_WHAT THIS TASK INVOLVES_
Using the listing below, please print exactly the lines from the one with "Tommy Hilfiger Jean" through the one with "قصور الثقافة تحتفل". Leave out every picture.

_EXCERPTED DATA_
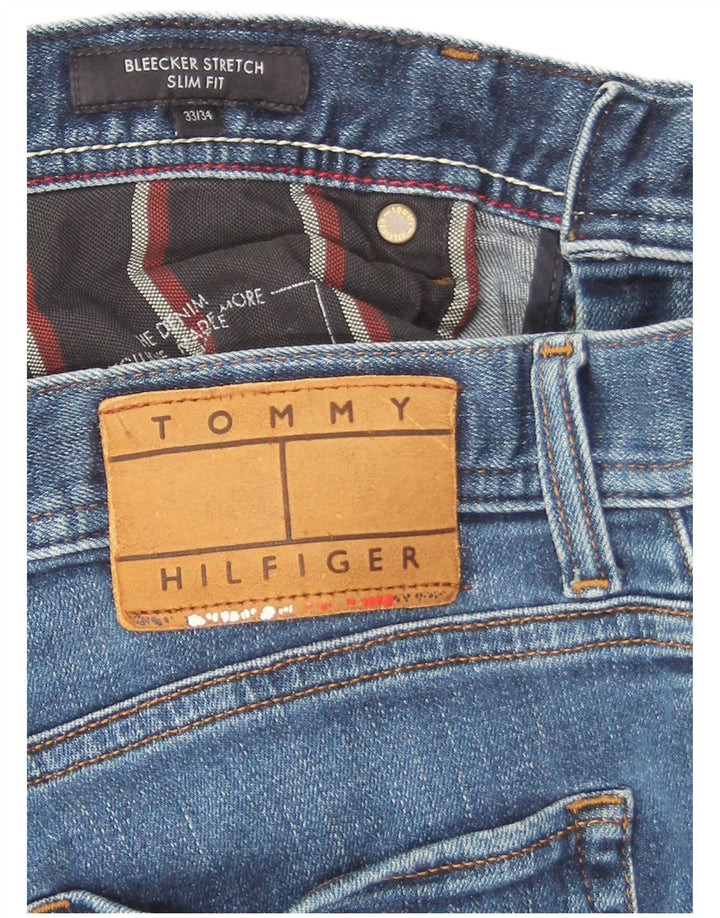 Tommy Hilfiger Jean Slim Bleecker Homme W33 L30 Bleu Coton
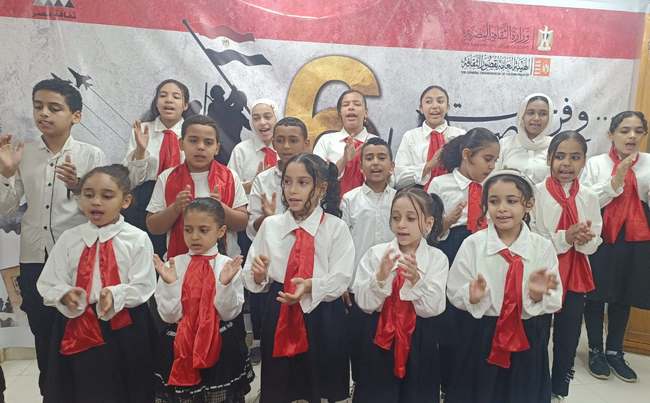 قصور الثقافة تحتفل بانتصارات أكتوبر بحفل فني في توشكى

---

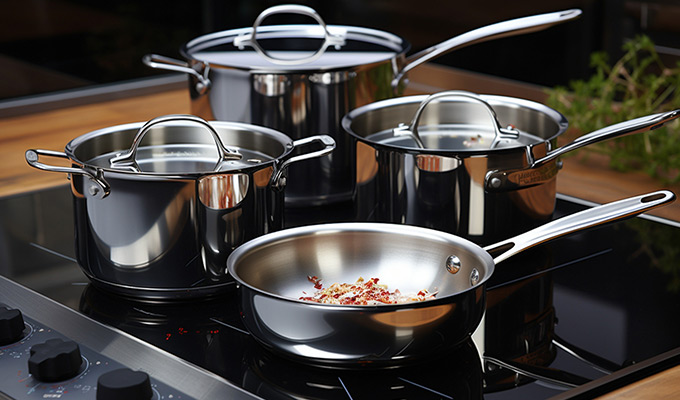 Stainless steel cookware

==

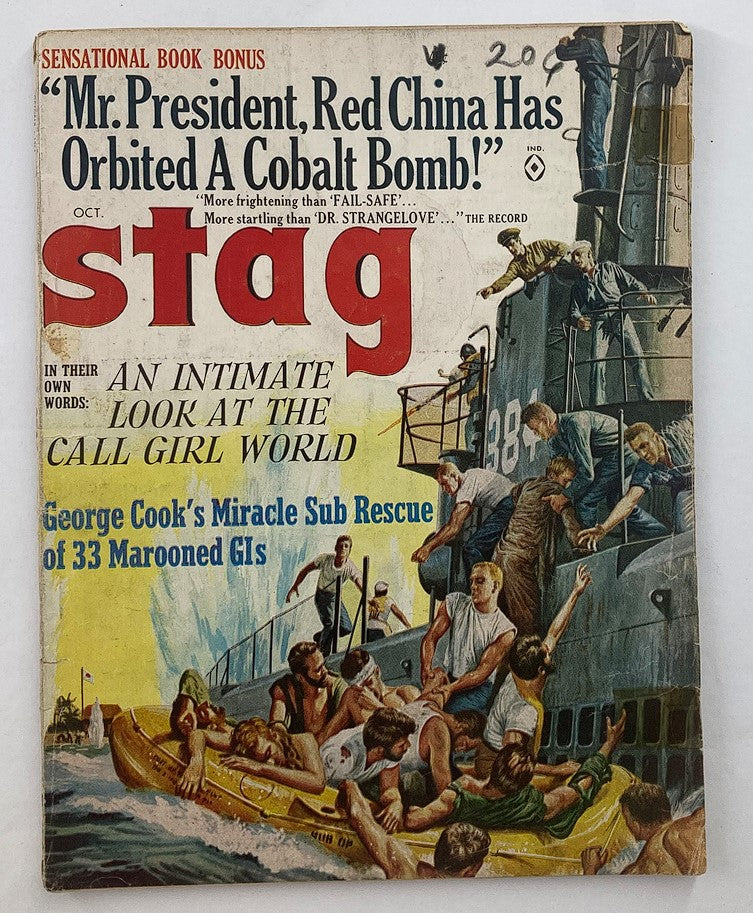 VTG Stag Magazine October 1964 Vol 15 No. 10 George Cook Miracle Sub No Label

_EXERCISE RESULT_
 Tommy Hilfiger Jean Slim Bleecker Homme W33 L30 Bleu Coton
 قصور الثقافة تحتفل بانتصارات أكتوبر بحفل فني في توشكى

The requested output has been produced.